Collecting and Manipulating the Data
The City of Toronto has a massive collection of Open Data that consists of anything from parking tickets to elections results. This is actual up to date information in multiple different formats. In other words, this data can be relevant in understanding the city and addressing key issues of the day.
For this project, I’m interested in building an application that can help citizens track permits active permits in their area. Got a noisy neighbour doing some renovations on their house? Or maybe you’d like to know how much it cost them to build that second story on their place.

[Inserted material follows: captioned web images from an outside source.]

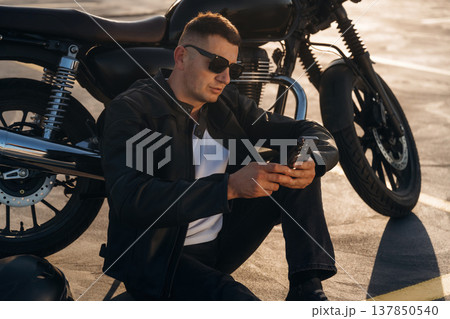 Sitting on the ground. Man is outdoors with his motorcycle Sitting on the ground. Man is outdoors with his motorcycle 137850540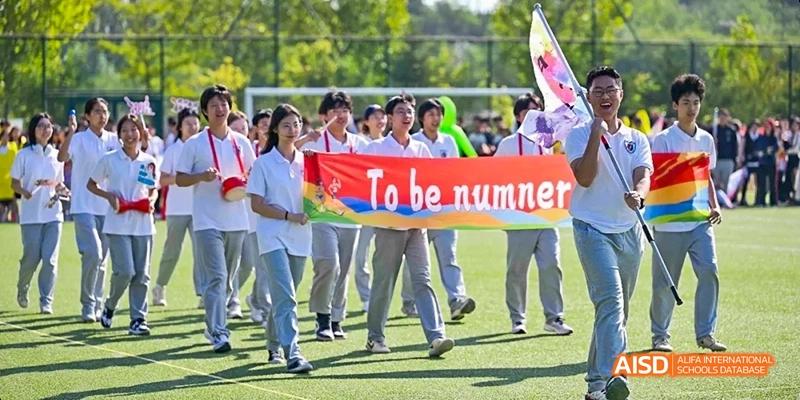 Ealing International School students holding a banner that says "To be numbered among".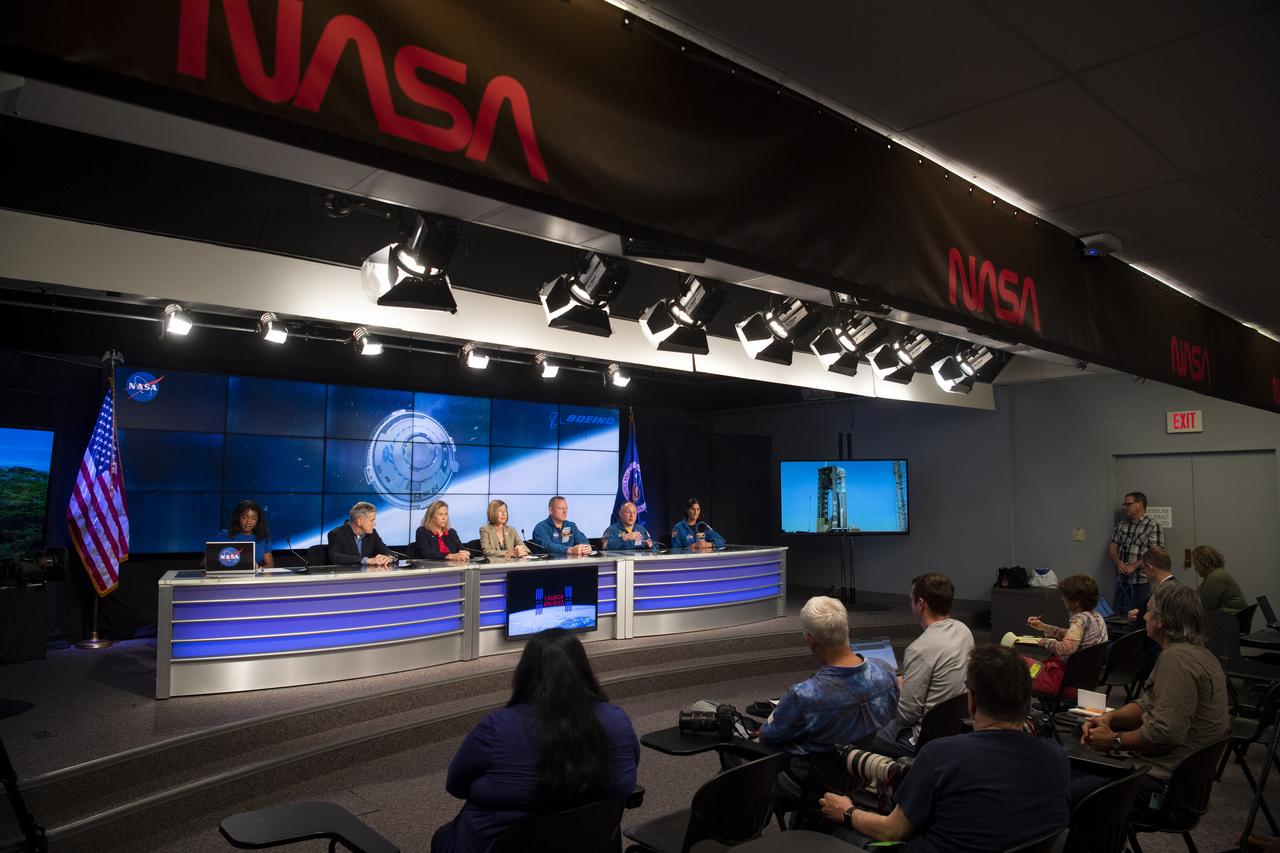 Jasmine Hopkins, NASA Communications, left, Bob Cabana, NASA associate administrator, second from left, Kennedy Space Center director Janet Petro, third from left, Kathy Lueders, associate administrator for NASA's Space Operations Mission Directorate, center, and NASA astronauts Barry "Butch" Wilmore, third from right, Mike Fincke, second from right, and Suni Williams, right, are seen during a press conference ahead of the launch of Boeing’s Starliner spacecraft aboard a United Launch Alliance Atlas V rocket, Wednesday, May 18, 2022, at NASA’s Kennedy Space Center in Florida. Boeing’s Orbital Flight Test-2 will be Starliner’s second uncrewed flight test and will dock to the International Space Station as part of NASA's Commercial Crew Program. The mission, currently targeted for launch on 6:54 p.m. ET on May 19, will serve as an end-to-end test of the system's capabilities. Photo Credit: (NASA/Joel Kowsky)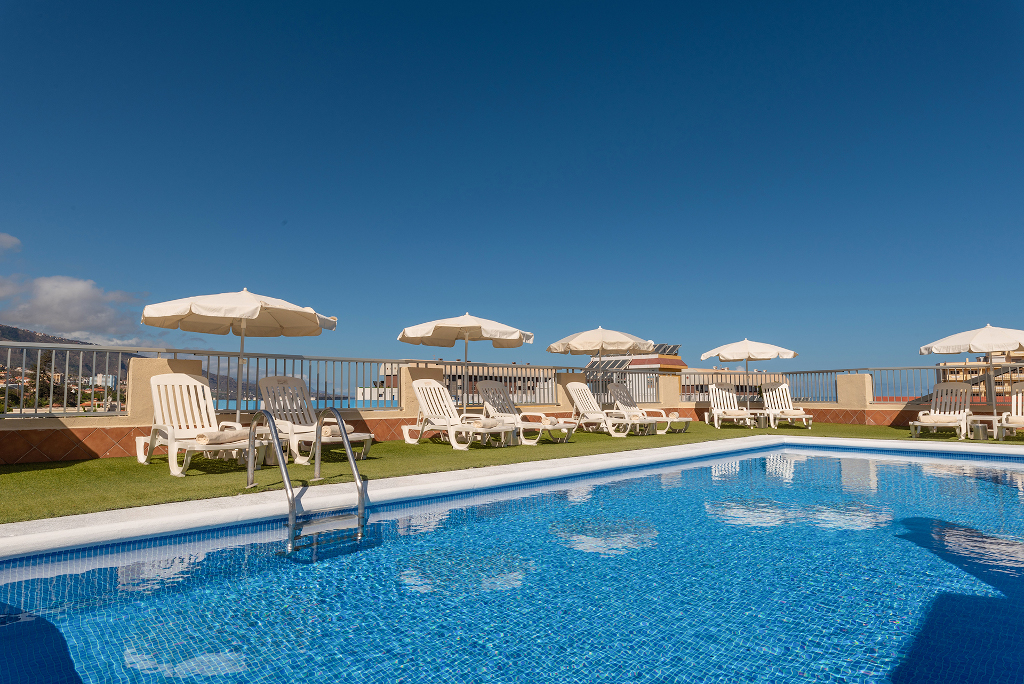 Piscina con lettini e ombrelloni sotto il cielo azzurro a Tenerife.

Why not check what permit they applied for? Thinking of renting an apartment? Check what rent permits the landlord applied for. The data exists, but unfortunately not in an easily accessible format for the general public. We’re here to change that.
Datasets
Before working with the data, a few things need to be initialized. You are required to set up your working directory in R and load the packages so you can use their respective functions.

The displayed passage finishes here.